──────── Material for this task
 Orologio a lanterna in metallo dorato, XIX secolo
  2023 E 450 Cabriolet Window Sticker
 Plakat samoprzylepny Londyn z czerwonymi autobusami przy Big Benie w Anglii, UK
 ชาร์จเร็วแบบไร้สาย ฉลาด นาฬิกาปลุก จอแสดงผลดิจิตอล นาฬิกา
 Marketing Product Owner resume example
────────────────
──────── Material for this task
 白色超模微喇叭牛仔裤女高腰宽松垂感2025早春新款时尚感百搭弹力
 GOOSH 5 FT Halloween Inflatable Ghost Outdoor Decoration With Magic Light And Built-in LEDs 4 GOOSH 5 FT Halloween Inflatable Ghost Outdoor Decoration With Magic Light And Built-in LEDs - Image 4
────────────────
Beginning at the line with "白色超模微喇叭牛仔裤女高腰宽松垂感2025早春新款时尚感百搭弹力" and ending at the line with "LEDs - Image 4", reproduce each line of the data above exactly, and add no other lines.

 白色超模微喇叭牛仔裤女高腰宽松垂感2025早春新款时尚感百搭弹力
 GOOSH 5 FT Halloween Inflatable Ghost Outdoor Decoration With Magic Light And Built-in LEDs 4 GOOSH 5 FT Halloween Inflatable Ghost Outdoor Decoration With Magic Light And Built-in LEDs - Image 4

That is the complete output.